If your teenager starts showing signs of depression such as loss of interest in activities, constant sadness or loss of appetite, you will probably need to take your teenager to be assessed by a doctor. In the meantime, make sure your child knows you are there for them and that you always will be regardless of whatever they have to go through to heal. This is when pure unconditional love is most important. Nowadays, there are more and more kids affected by teen depression, but there are many helpful resources out there for teenagers that parents can use.

Identifying Teen Depression

The first plan of action is to identify what is happening with your teenager. It is very important that parents look out for these common signs of teenage depression before assuming or coming to their own conclusions.

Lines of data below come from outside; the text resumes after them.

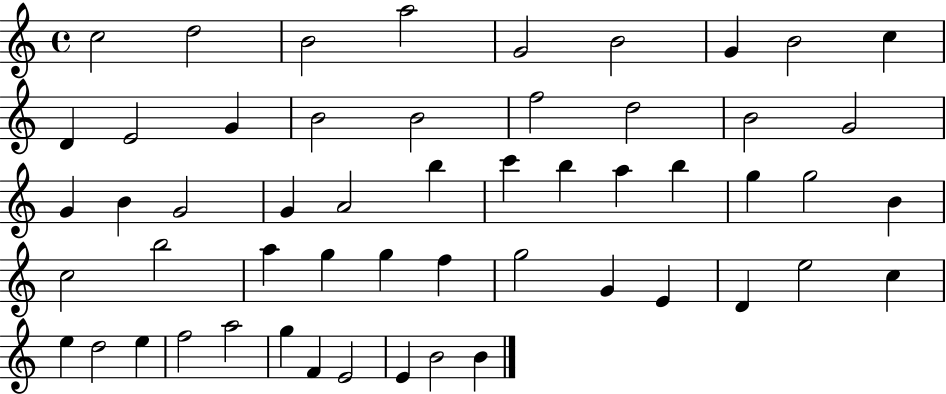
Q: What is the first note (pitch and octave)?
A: C5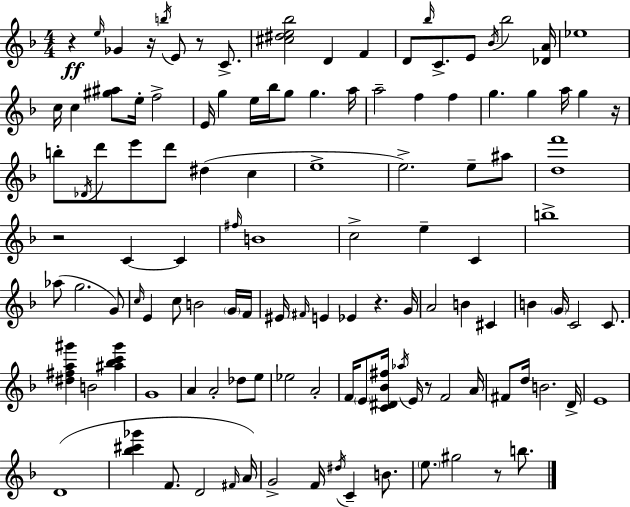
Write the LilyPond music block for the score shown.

{
  \clef treble
  \numericTimeSignature
  \time 4/4
  \key f \major
  r4\ff \grace { e''16 } ges'4 r16 \acciaccatura { b''16 } e'8 r8 c'8.-> | <cis'' dis'' e'' bes''>2 d'4 f'4 | d'8 \grace { bes''16 } c'8.-> e'8 \acciaccatura { bes'16 } bes''2 | <des' a'>16 ees''1 | \break c''16 c''4 <gis'' ais''>8 e''16-. f''2-> | e'16 g''4 e''16 bes''16 g''8 g''4. | a''16 a''2-- f''4 | f''4 g''4. g''4 a''16 g''4 | \break r16 b''8-. \acciaccatura { des'16 } d'''8 e'''8 d'''8 dis''4( | c''4 e''1-> | e''2.->) | e''8-- ais''8 <d'' f'''>1 | \break r2 c'4~~ | c'4 \grace { fis''16 } b'1 | c''2-> e''4-- | c'4 b''1-> | \break aes''8( g''2. | g'8) \grace { c''16 } e'4 c''8 b'2 | \parenthesize g'16 f'16 eis'16 \grace { fis'16 } e'4 ees'4 | r4. g'16 a'2 | \break b'4 cis'4 b'4 \parenthesize g'16 c'2 | c'8. <dis'' fis'' a'' gis'''>4 b'2 | <ais'' bes'' c''' gis'''>4 g'1 | a'4 a'2-. | \break des''8 e''8 ees''2 | a'2-. f'16 \parenthesize e'8 <c' dis' bes' fis''>16 \acciaccatura { aes''16 } e'16 r8 | f'2 a'16 fis'8 d''16 b'2. | d'16-> e'1 | \break d'1( | <bes'' cis''' ges'''>4 f'8. | d'2 \grace { fis'16 }) a'16 g'2-> | f'16 \acciaccatura { dis''16 } c'4-- b'8. \parenthesize e''8. gis''2 | \break r8 b''8. \bar "|."
}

  • Loss of interest in activities they used to enjoy I.e. Sports, creative activities, hanging out with friends
  • Changes in appetite, weight and eating patterns.
  • Excessive late-night activities, waking up late for school or too much or too little sleep.
  • Critical of themselves, excessive sensitivity to rejection and feelings of worthlessness.
  • Withdrawal from friends, social activities and even family get togethers.
  • Isolating themselves on a constant basis.
  • A drop in grades and poor performance at school.
  • Sad, moody and a belief that life “sucks” on a regular basis.

Seek Resources and Help
The next course of action is to find the appropriate help for your teenager. Many high schools offer a form of counseling to their students. There are also many mental health outreach centers and community centers that may offer advice on who you can turn to. Sometimes the best person to turn to initially is your family doctor that has known your teen for years. Sit down with the doctor and your teen and allow your teen to describe how she is feeling. If the symptoms sound like those of depression, the family doctor will most likely do a referral to a psychiatrist, psychotherapist or general therapist. While most cases of depression are treated with medication, this condition is best treated along with individual or group therapy.

Be Supportive

If you believe your child is suffering from teen depression, be as supportive as you can. Allow them to talk when they want to talk and share and give them time to themselves when needed. Your teen needs you more than ever, now but avoid smothering them. Just make sure they know that you are there for them all the time, whenever they may need your help or a warm hug.